Production ERD’O CIE. Coproduction et accueil en résidence Le Merlan scène nationale de Marseille, Théâtre Massalia (Marseille), Théâtre de Châtillon. Coproduction Pôle Arts de la Scène – Friche la Belle de Mai (Marseille). Accueil en résidence La Gare Franche (Marseille). Soutiens DGCA - Ministère de la Culture et de la Communication, DRAC PACA, Conseil Régional PACA, Ville de Marseille, SPEDIDAM, DGCA et SACD : Lauréat 2014 de la bourse à l’écriture Écrire pour la rue.

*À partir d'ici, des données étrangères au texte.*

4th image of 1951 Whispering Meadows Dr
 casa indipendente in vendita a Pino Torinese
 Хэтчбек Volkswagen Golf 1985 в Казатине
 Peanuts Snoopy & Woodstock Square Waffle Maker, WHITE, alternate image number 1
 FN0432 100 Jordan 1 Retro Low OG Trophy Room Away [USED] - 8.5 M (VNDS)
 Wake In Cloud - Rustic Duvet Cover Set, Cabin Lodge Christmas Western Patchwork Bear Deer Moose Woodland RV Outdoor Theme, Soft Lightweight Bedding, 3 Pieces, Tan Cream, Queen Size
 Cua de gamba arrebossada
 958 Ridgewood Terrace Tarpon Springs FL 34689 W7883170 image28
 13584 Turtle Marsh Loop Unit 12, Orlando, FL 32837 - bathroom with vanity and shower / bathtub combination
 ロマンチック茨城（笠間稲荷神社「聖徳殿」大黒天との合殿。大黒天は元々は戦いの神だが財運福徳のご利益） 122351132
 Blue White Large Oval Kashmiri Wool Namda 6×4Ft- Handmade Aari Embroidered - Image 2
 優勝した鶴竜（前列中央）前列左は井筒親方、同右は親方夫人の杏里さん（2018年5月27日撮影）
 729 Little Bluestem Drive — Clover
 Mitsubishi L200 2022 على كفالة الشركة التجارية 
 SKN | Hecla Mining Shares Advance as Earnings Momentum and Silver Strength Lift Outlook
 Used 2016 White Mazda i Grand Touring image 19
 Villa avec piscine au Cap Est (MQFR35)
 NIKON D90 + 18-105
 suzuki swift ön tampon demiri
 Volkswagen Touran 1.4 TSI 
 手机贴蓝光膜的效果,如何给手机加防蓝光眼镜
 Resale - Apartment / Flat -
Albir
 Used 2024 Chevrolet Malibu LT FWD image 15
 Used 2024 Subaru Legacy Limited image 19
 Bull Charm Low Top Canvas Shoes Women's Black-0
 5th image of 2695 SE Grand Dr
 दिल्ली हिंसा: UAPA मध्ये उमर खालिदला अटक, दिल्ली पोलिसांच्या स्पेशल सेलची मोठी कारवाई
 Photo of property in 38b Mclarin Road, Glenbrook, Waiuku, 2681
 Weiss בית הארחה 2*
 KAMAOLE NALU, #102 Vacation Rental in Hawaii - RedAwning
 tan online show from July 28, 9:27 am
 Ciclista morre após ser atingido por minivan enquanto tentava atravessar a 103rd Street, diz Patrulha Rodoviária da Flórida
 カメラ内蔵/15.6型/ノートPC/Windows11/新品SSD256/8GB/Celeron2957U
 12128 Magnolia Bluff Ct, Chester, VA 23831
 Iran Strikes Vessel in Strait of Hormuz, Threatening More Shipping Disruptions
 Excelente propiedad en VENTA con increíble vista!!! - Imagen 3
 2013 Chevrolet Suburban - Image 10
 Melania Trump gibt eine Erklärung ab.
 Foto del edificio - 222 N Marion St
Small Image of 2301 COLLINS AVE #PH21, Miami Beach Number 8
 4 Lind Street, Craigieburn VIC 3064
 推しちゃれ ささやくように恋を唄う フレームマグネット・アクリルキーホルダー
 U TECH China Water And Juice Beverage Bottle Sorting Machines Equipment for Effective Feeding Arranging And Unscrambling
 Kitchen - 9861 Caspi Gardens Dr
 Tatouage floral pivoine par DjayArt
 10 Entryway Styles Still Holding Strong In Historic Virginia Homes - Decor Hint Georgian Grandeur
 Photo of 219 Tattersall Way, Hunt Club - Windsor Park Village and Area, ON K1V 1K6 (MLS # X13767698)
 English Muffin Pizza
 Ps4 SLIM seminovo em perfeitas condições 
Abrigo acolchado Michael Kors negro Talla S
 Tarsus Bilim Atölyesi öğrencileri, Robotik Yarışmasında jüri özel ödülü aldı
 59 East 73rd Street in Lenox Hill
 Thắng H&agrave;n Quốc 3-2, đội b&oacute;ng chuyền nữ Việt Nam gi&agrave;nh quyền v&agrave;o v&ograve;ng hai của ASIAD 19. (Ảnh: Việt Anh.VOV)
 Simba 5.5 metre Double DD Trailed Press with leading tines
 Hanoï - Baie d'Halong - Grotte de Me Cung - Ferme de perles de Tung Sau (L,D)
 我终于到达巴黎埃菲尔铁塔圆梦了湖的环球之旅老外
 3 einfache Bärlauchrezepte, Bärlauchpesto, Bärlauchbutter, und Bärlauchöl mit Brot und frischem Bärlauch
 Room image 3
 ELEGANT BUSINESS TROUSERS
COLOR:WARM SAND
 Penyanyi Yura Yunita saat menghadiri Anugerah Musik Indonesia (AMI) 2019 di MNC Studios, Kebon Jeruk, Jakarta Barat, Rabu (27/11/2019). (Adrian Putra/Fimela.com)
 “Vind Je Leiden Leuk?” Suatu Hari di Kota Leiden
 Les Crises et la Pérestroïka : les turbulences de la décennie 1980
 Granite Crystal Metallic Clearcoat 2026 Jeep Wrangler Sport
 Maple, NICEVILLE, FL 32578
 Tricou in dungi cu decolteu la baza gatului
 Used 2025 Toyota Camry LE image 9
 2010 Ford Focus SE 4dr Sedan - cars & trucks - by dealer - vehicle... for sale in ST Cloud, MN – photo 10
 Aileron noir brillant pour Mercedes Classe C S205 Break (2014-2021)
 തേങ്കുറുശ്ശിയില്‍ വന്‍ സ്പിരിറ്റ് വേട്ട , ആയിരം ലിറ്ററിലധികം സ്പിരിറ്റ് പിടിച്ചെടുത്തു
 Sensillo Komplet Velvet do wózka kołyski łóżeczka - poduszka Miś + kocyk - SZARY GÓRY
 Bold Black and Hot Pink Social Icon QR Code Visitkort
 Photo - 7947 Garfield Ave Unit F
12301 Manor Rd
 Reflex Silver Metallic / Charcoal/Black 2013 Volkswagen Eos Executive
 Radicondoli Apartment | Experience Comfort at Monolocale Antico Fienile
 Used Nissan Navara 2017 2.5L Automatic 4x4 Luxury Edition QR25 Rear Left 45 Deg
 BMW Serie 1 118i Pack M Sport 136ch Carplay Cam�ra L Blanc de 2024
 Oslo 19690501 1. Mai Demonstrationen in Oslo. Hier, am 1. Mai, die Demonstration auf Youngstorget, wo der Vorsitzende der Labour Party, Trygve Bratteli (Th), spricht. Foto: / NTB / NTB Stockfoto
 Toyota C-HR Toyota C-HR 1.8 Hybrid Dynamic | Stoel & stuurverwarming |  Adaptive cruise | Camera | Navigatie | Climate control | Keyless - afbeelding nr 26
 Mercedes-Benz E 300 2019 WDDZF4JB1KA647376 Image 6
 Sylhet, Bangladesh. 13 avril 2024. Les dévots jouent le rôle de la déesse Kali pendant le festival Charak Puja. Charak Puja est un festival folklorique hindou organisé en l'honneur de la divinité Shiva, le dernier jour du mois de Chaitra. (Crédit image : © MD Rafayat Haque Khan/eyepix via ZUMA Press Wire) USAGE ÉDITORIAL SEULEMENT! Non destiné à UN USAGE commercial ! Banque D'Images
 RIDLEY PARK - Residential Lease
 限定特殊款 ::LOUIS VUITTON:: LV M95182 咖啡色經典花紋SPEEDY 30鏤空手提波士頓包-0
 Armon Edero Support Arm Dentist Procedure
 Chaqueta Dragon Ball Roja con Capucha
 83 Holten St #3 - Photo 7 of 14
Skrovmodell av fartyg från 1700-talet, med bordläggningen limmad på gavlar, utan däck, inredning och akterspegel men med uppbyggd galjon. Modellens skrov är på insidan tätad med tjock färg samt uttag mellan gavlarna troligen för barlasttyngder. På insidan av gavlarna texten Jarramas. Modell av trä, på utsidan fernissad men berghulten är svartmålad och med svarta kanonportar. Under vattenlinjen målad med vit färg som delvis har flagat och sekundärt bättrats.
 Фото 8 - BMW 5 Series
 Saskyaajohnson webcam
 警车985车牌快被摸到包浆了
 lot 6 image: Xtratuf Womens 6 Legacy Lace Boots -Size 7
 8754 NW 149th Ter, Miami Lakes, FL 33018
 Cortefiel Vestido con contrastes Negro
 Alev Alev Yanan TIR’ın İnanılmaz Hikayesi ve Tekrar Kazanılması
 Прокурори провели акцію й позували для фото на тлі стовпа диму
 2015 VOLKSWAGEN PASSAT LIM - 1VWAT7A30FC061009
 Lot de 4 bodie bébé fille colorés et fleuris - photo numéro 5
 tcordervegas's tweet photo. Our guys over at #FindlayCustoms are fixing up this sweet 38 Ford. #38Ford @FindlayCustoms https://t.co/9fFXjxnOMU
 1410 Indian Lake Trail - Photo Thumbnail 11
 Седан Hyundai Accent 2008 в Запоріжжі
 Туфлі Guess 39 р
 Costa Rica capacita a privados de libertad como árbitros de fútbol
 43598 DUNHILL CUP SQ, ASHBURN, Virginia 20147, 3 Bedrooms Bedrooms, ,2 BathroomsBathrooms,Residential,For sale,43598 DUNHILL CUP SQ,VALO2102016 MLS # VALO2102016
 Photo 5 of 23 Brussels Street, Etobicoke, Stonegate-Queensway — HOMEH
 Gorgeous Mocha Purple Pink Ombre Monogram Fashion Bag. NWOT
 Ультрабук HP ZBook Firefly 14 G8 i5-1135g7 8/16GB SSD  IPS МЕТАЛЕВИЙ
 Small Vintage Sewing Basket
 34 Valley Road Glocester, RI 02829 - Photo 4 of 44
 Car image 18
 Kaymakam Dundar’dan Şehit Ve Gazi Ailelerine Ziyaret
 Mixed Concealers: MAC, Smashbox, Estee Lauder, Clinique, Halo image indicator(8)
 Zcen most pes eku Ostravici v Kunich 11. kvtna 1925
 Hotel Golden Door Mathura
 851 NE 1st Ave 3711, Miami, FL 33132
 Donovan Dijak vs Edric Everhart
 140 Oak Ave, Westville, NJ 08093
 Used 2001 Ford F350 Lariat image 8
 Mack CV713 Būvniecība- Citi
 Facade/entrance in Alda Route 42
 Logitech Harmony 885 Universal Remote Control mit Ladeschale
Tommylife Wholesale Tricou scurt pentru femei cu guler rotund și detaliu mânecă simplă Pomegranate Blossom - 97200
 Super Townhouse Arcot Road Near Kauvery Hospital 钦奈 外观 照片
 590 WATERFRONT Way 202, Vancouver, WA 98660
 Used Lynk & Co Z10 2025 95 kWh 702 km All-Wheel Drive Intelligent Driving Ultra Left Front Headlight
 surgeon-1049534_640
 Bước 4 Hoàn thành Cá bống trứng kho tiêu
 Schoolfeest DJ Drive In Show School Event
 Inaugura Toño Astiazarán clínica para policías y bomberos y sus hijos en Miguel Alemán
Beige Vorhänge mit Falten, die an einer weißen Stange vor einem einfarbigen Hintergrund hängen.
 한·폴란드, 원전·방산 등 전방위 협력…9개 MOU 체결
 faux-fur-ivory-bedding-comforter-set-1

© photo : JM COUBART, EDITH AMSELLEM
L’espace : les châteaux-toboggans de cours d’écoles maternelles et aires de jeux
La cour imaginaire décrite par Gombrowicz est une cour de sales gosses pourris gâtés, dont les comportements excessifs, cruels et sans pitié nous rappellent amèrement quelques souvenirs peu glorieux de la cour d’école maternelle, où s’opposent à l’infini : les bourreaux et les victimes, les forts et les faibles, les gentils et les méchants, les filles et les garçons... Observer des enfants s’amuser en collectivité dans cet espace clos, est un spectacle vertigineux. On reconnaît les mécanismes de notre société avec le pire et le meilleur des interactions humaines ; des relations s’y nouent et s’y dénouent d’un claquement de doigts, des rires succèdent aux larmes puis aux rires puis aux larmes et la dictature et l’injustice règnent souvent sans mal. Qu’ils jouent à la guerre, au docteur, à papa-maman ou à la maîtresse, tout jeu mis en scène par des enfants révèle des rapports dominants/dominés déchaînés, et se clôture généralement par des cris, des pleurs et la défaite d’une victime. Les enfants vont loin, sont sans pitié, et la loi du plus fort est toujours la meilleure.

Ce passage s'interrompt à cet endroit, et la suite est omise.